Kennedy tried to remind the reporters that she's not campaigning for voter approval and acknowledged that an actual political campaign would be a better context to address all the questions she has been asked:
"I think that, actually, a campaign would be an easier way, because I think it would give me a chance to explain exactly what I’m doing, why I would want to do this, and, you know, to get people to know me better and to understand exactly what my plans would be, how hard I would work," Ms. Kennedy said.
But that distinction means nothing to Confessore and Halbfinger, who express near-outrage every time Kennedy ducks specifics about upstate New York, about specific policy questions, or about financial disclosure -- all issues Kennedy has no obligation to discuss except with David Paterson, the man who might appoint her.
The reporters kept reverting to one key transitional word in their unbalanced reconstruction of the interview: "but." The word came in handy whenever they wanted to juxtapose Kennedy's views to their vision of some more appropriate answer.
"As a Candidate, Kennedy Is Eloquent but Elusive" -- the headline.

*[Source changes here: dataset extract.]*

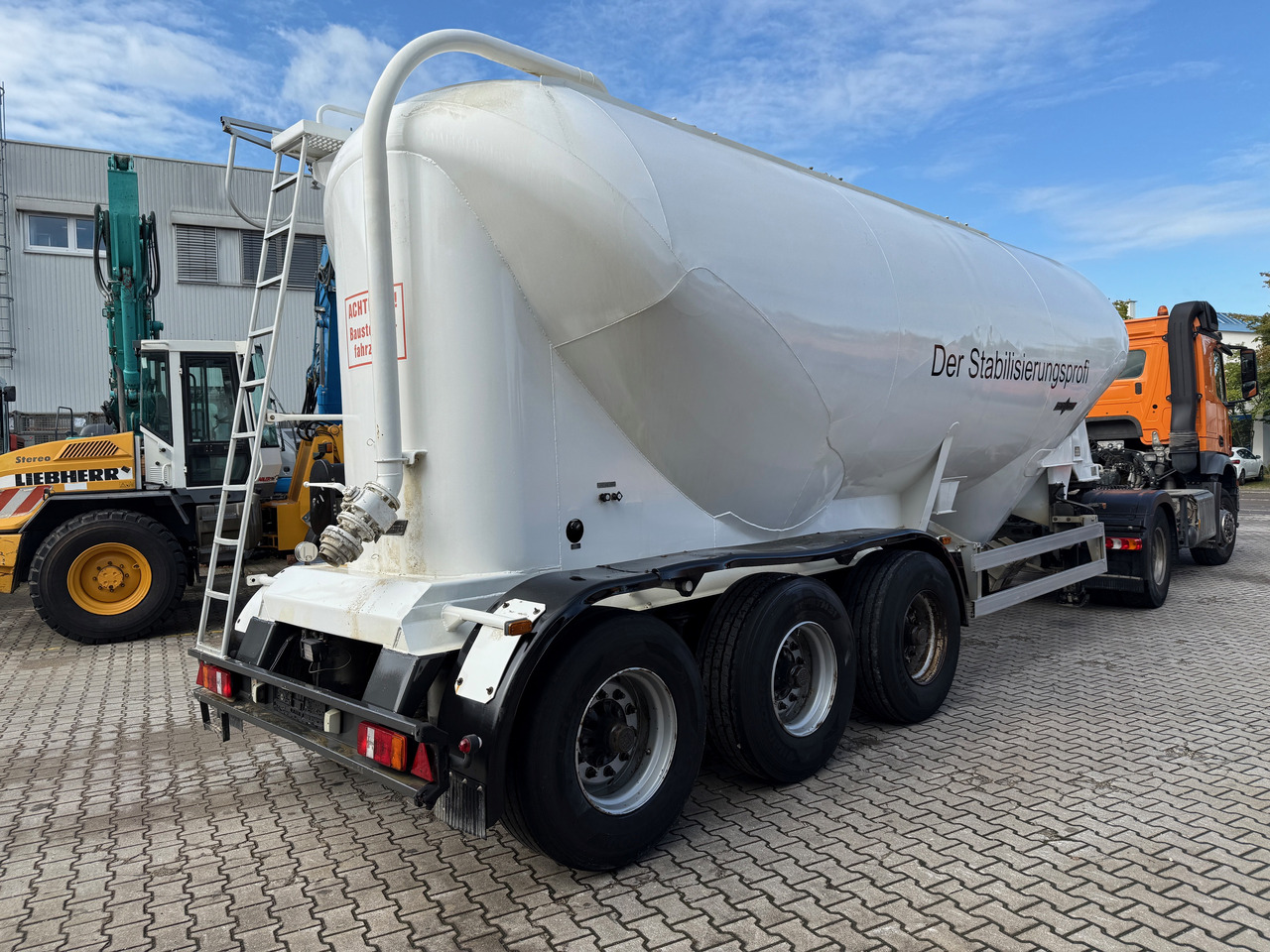 Spitzer SF24/34 3-Achs Siloauflieger - Semiremorcă siloz: Foto 4 Spitzer SF24/34 3-Achs Siloauflieger - Semiremorcă siloz: Foto 4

She praised Mrs. Clinton, but said it was too soon to say how she could improve on Mrs. Clinton’s performance as a senator. She said she had been personally affected by the economic crisis but sidestepped questions about her wealth, declining to say how much money she lived on each year.
Ms. Kennedy has already taken positions on issues like same-sex marriage, which she supports, and school vouchers, which she opposes. But in the interview on Saturday, she said she hoped to be a consensus-builder, and declined to describe her positions on some other pressing public issues — even in an area like education, where she has been personally active. Ms. Kennedy would not say, for example, whether she supported proposals to abolish tenure for teachers and offer them merit pay instead.
Asked how much of a role her husband, Edwin Schlossberg, might take in her political career — on the hustings in Watertown, say, or other political way-stations in the north country — she hinted that he might be busy elsewhere, given his own career as the head of a prominent design firm. But she said no one could have a more supportive husband.
Ms. Kennedy said she had spent some time in the Catskills and the Adirondacks, but when asked her favorite place in the state outside of the city and Long Island, she said, “I like visiting historical sites. I loved visiting the battlefields of Saratoga.”
Ms. Kennedy said her finances had been affected by the economic crisis, though “not as badly as a lot of people’s. I’m lucky that I’m not afraid of losing my home, and my husband still has a job.”
But she declined to discuss details.
And, of course, one last "but" at the end:
As their interview wrapped up, one of the Times reporters tried to pose an additional question, but she interrupted him.
“I think we’re done,” she said.
The interview may have been done. But Halbfinger and Confessore had the last word, determined to leave Times readers with the distinct impression that Kennedy had avoided, obfuscated and tap-danced her way through an interview with the state's most powerful newspaper. In that, they succeeded.